Health IT Leadership Summit: Technology in healthcare lagging behind other industries
The Metro Atlanta Chamber, TAG Health and the Georgia Department of Economic Development put on another successful Health IT Leadership Summit. While at the Summit, there was a common theme integrated in almost every discussion—healthcare technology isn’t up to speed compared to technology in other industries. While keeping this in mind, there was much discussion about the future of health IT and innovations on the horizon. Below, you will find several topics commonly discussed with regard to HIT trends in 2014.
Patient engagement. “Patient engagement,” a term that was dropped in almost every session, encompasses the direction and future of healthcare. Jeff Arnold, Chairman and CEO, Sharecare Health, discussed the growing importance of patient engagement as an integral aspect of achieving better care. The challenge of patient engagement is getting patients to take advantage of increased access to information and understand the benefits of engagement.
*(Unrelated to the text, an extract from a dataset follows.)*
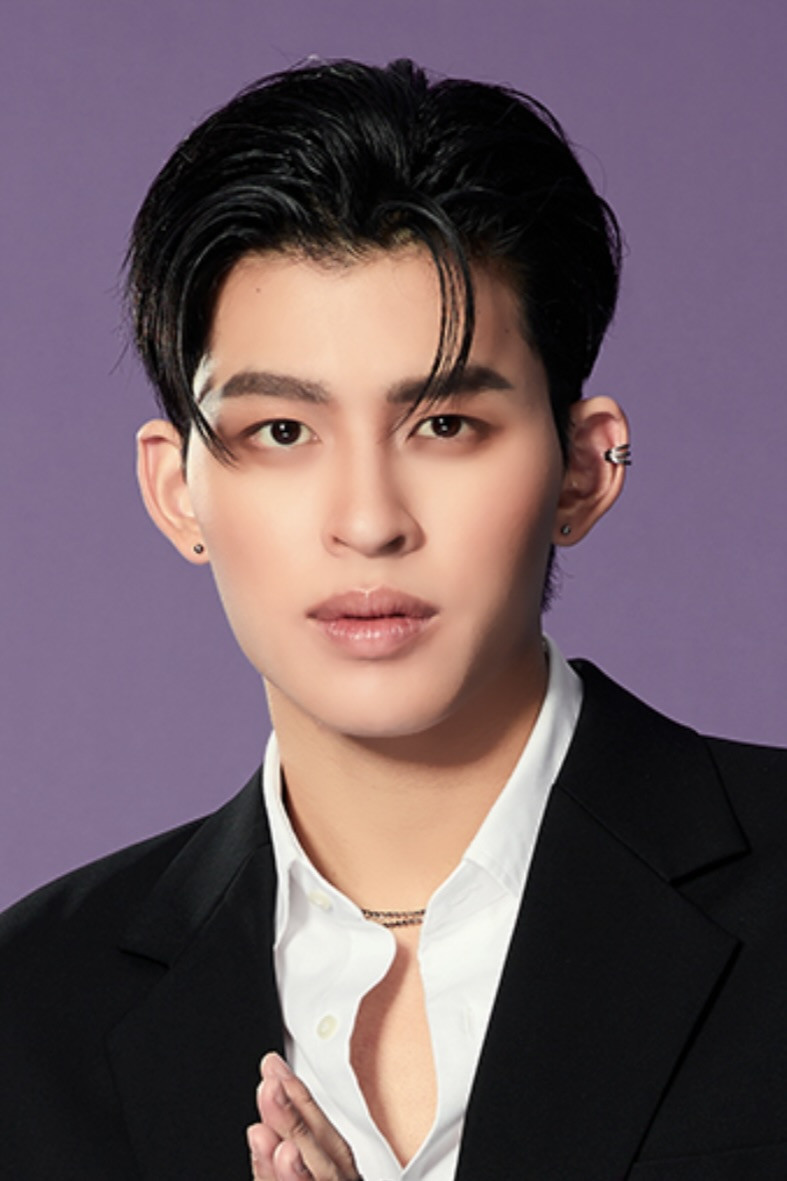 Naravit Lertratkosum backdrop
Reed Tuckson, MD, FACP, explained the need of advancing the field of assessment of individual engagement through computers, mobile, apps, etc. He offered that disseminating data through preferred individual engagement strategy will improve outcomes. Social networks are also becoming increasingly useful for patient engagement in that they drive consumer behavior. The focus on patient engagement should be continual throughout the care experience—from pre-registration to post-discharge. Engaging throughout a patient’s health journey is often the greatest challenge of engagement but it will lead to the overall goal of healthier, more engaged patients who are returning to their lives, not the hospital.
Data analytics. When panelists were asked which trend would most positively impact healthcare outcomes and quality of care, multiple experts identified data analytics as a game changer. Once data is analyzed, key indicators can be identified that will allow the industry to progress. Deb Cancilla, CIO of Grady Health System, described data analytics as the best tool to understand the information we’re collecting and the importance of using it to improve overall quality of care. Tuckson offered his insight on analytics and the need to liquify the results so they are easily accessible to patients for engagement.
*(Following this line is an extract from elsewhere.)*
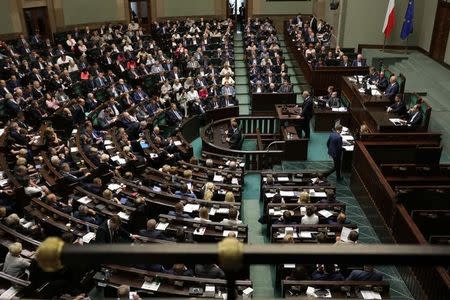 General view of the Polish parliament before the voting on the bill that calls for an overhaul of the Supreme Court, in Warsaw, Poland, July 20, 2017. Agencja Gazeta/Slawomir Kaminski/via REUTERS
Electronic health records (EHRs). Healthcare IT is slowly catching up in the area of electronic health records. The greatest hurdle in healthcare is combining it with technology because of the personal nature of healthcare records and the compliance regulations set in place, which have hindered certain growth within EHRs. Despite compliance issues, great opportunity lies within EHRs as they have helped improve medical errors and contributed to better outcomes and higher quality of care.
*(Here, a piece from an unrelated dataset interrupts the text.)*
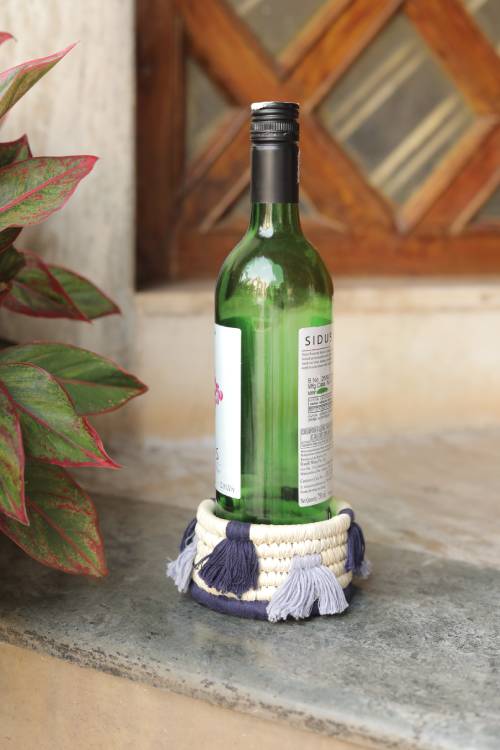 Handwoven Fringe And Sip Wine Coaster and Holder From KalaGhar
In addition, EHRs can greatly contribute to patient engagement. Optimal consumer engagement depends on integrated digital support and access for consumers. EHR is an asset to data, making information readily available to the consumer. Tuckson offered an example of patient engagement tying into EHRs through a fitness app that incorporates health records while encouraging a commitment to personal health. Tuckson explained that the real revolution in EHRs and patient engagement will come from integrated and connected pieces like this. In this day in age, EHRs offer a more practical way to store health records, as most consumers prefer to receive information in a digital format and having all of this information in one central location is easily digestible.
Disruptive technologies. Disruptive technologies in healthcare are new technologies that unexpectedly displace an established technology to provide more affordable and higher quality products and services. They disrupt and transform the healthcare market to improve patient outcomes and reduce cost. At the HIT Summit, we had a chance to hear from several healthcare experts regarding the disruptive technologies that will fill Healthcare Reform Act requirements and how they change the care model.
According to the panelists, coordination of information is critical in making the greatest impact in healthcare. Reiterating the importance of data in healthcare, the panelists offered that data is at the core of disruption and healthcare innovators must determine how to collect, apply and automate data to turn them into outcomes. In addition, we must stop thinking in silos, as the next phase of disruption is to stop disrupting on an individual basis and begin disrupting as a group—this is where we will see outcomes in the industry. Adding to this concept is that partnerships between hospitals and technology suppliers will contribute to successful disruptive technologies.
Overall, well-known health IT leaders brought deep insight into the future of the industry at the Summit. Integrating healthcare with technology is the biggest hurdle in healthcare because of the very personal nature of these records; however, these rising trends will allow healthcare technology to grow immensely.